If you already built the neural network architecture from different programming language using PyTorch or TensorFlow, you can also import your Python code into this Network Designer, and it will automatically convert it into the MATLAB code. So we can import the traced PyTorch model in here and the TensorFlow models using this button.
To train this model, we set the number of epochs, 5,000. And the initial rate is 5 times 10 to the negative 5. And these two parameters can also change as your design. You can also use our tool Experiment Manager app for the hyperparameter tuning to change the different settings of the training programs to get more better performance results. And this can also be applied in parallel computing to save your runtime.
To avoid a training date time-- so I just loaded the trained and neural networks PINNs matrix so that we can easily to find the modal evaluation.
So we compare the closer form and the prediction solution, so for maturity equal to three months, half a year, six months, nine months, and one year. So there are a little deviation, but the train of the numerical solution and the analytic solution I keep the same. A little deviation will happen as the T, the maturity goes further so that this neural network, this model can also be improved by different approach.
So the first approach, we can use the different layers in our neural network model. For example, in our neural network model, I use the fully connected layer and the ReLU layers as activation function. So you can change the ReLU layer as the tangent hyperbolic layers as the active function. Or you can change another choice.
So another way is to change the loss function. So in the loss function here, we customize the loss function based on our PDE information. So we use the DL gradient. This is a key function for the auto-differentiation to compute the derivatives in the PDE terms.
We can also regularize regularization, the loss function. We can also use the smooth L1 loss function to customize the loss function and to do the training process to make a better performance. So there is a different-- there are different approaches to improve our results.
And in this example, we show the workflow to use PINNs for option pricing. In the real case, if you have more complicated financial instruments, it can be described by a PDE form. So we can follow this workflow to construct your PINN solutions for the valuations.
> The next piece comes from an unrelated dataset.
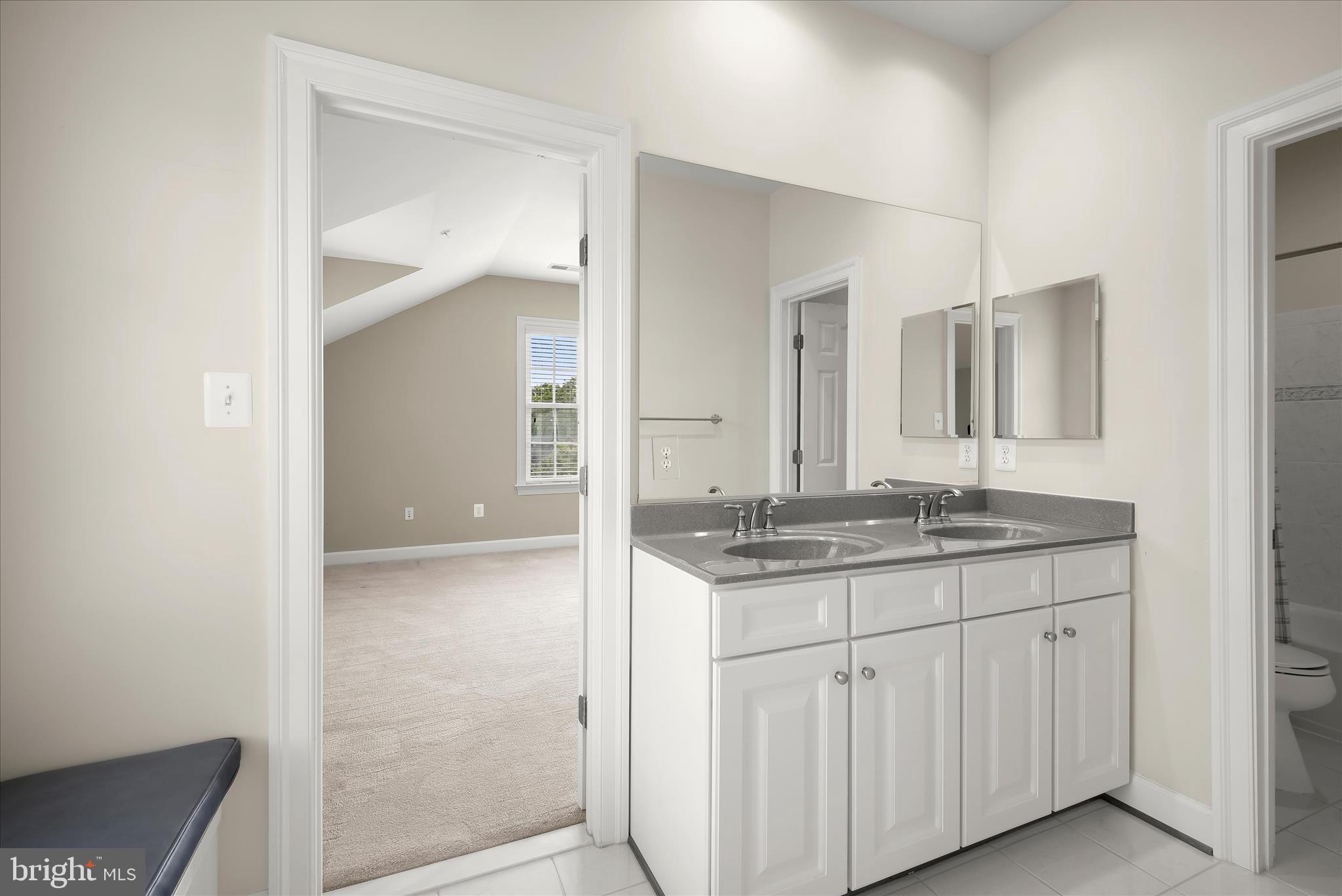 LONGMEADOW - Residential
So in our PINNs workflow-- so we first build a neural network. In the loss function, we use the auto-differentiation tools for Deep Learning Toolbox. And we also priced it using the predefined fully connected layer and ReLU activation layer. You can also customize the deep learning layers into the MATLAB neural networks architecture. During the training procedure, we can customize the loss function. Based on the PDE form, you can use the auto-differentiation tool, DL gradient function, to construct derivatives in the PDE form.
During the training, we can also monitor the training progress to see what's the mean square loss, what's the loss for each components of the loss function. You can customize the arrow matrix to do the training.
PINNs for option pricing is a new approach for option evaluation. So it can be extended into different types of financial instruments if it can be described by a PDE form. And it will help you to shorten the runtime. It has less training time than the classic Monte Carlo simulations.
Yeah, a more AI-related example in MATLAB, we have transformer layers, transformer layers for building a time series model. And we also have the Reinforcement Learning for Portfolio managers to compare to use multiagent reinforcement learning methodology to do the portfolio optimization.
And also for the language model, we can use the Text Analytics tool to research on the formal FOMC minutes, Federal Reserve minutes notes. And we have also more examples in AI application in computational finance. You can use this link to navigate you to these examples. OK, thank you for your time.